The company does not use server virtualization because of the "not insubstantial overhead" it imposes, according to Rubinow, but does use VMware products in its test and development environments because of the flexibility it allows for developers in terms of testing many configurations. The Archipelago systems are still predominantly Sun iron and Solaris, but some HP X64 machines and Linux have been moved in here, and long term, Solaris is probably out for this workload, too.
With IBM making so much noise about mainframe-based Linux, and presumably so much money from selling Linux for mainframes, the obvious question is why NYSE Euronext didn't standardize on mainframes running RHEL instead of X64 iron.

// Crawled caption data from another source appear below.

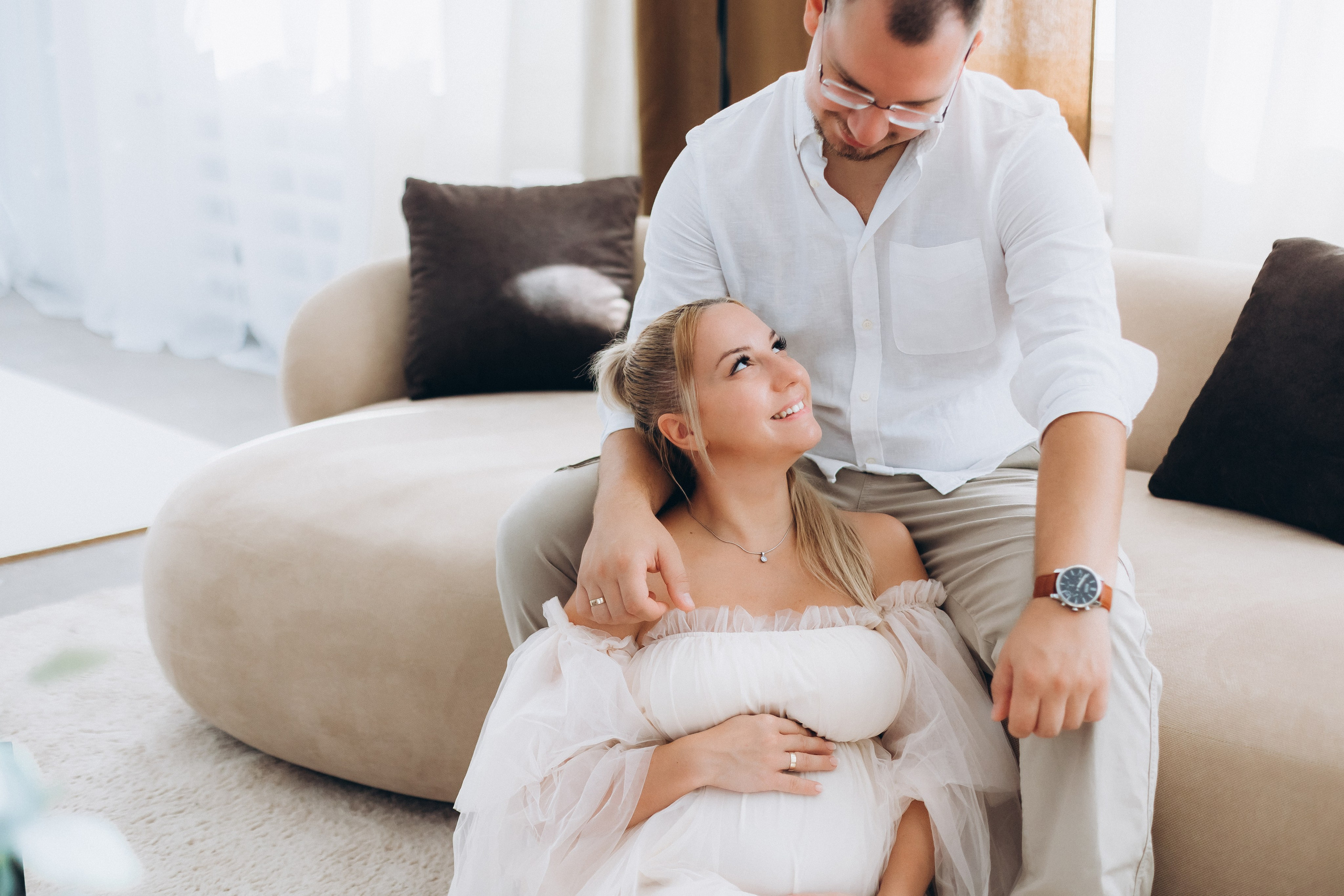 Angelika & Oleg. Wedding and Family Photograph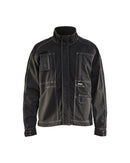 Takki Musta - Suomen Brodeeraus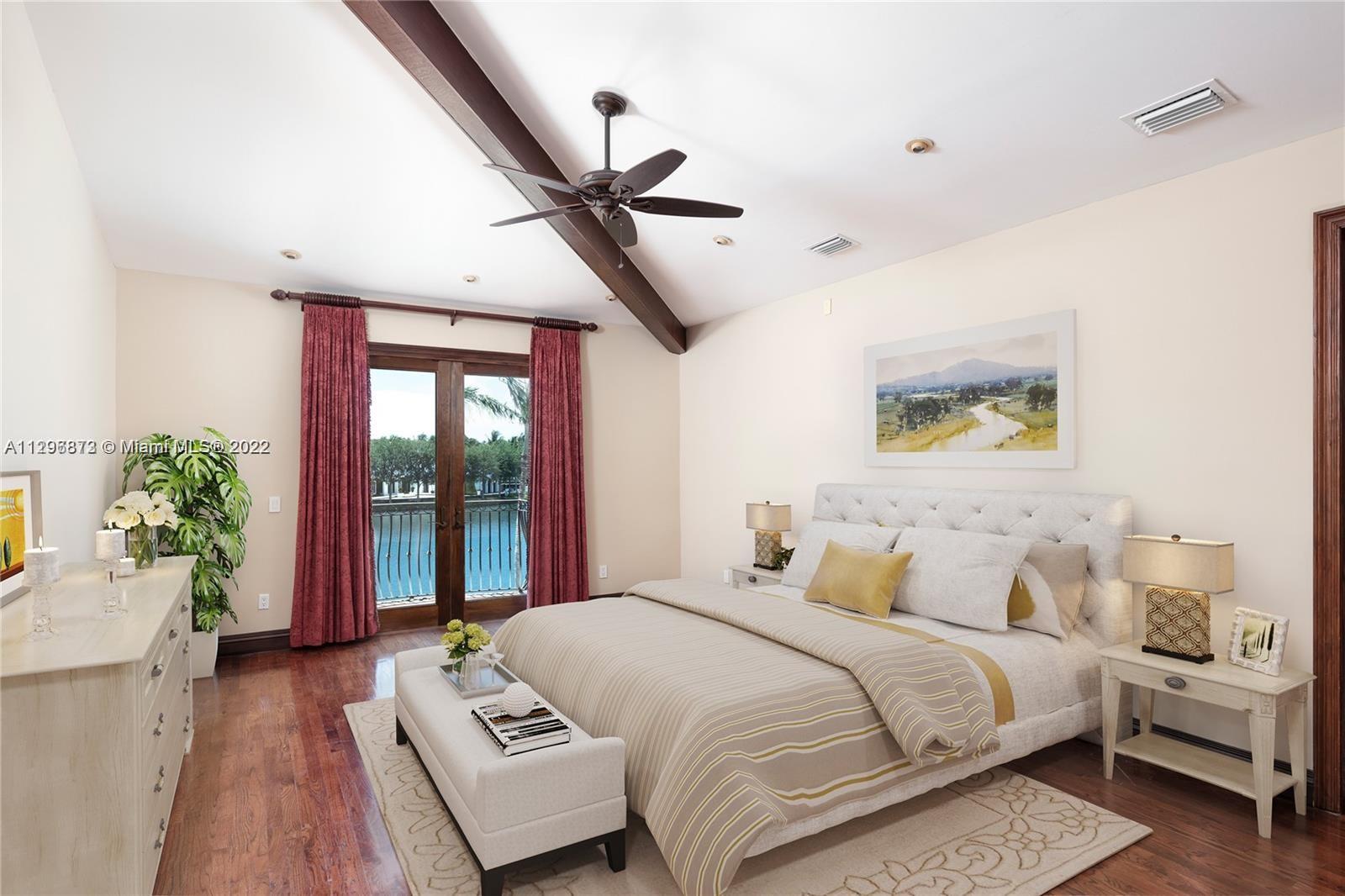 HAMMOCK LAKE PARK - Residential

"That's not a bad question, and as you might imagine, IBM has been trying to encourage us to move in that direction." But Rubinow says that while the vertical scaling and on-demand features of the mainframe are appealing, just contrast this approach and its economics to the 1 million servers that support Google today. When a server at Google fails, it doesn't affect the uptime of the applications and Google tosses the machine in the garbage and brings a new one online. (Well, hopefully, they recycle whatever parts work and dispose of defective parts responsibly.) "There is a certain kind of appeal to this kind of flexibility," says Rubinow.
The economics also weigh in favor of the horizontal scaling, too, so long as the applications can be made to scale that way, too. The reason the mainframe persists--and will continue to persist--is that companies can't always spend the dough necessary to rework their legacy applications so they can scale in this manner.
For its part, Red Hat was positioned to benefit because its Linux runs on mainframes, Itanium servers, and X64 machinery. If a mainframe was used to consolidate X64 server platforms, a mainframe support contract costs many times more than an X64 server license, so Red Hat would make its money no matter which way NYSE Euronext went. And if it decides to keep some mainframes around--IBM still has some clout in the data center, after all--Red Hat will still be making money on its support while HP and Sun will be losing out.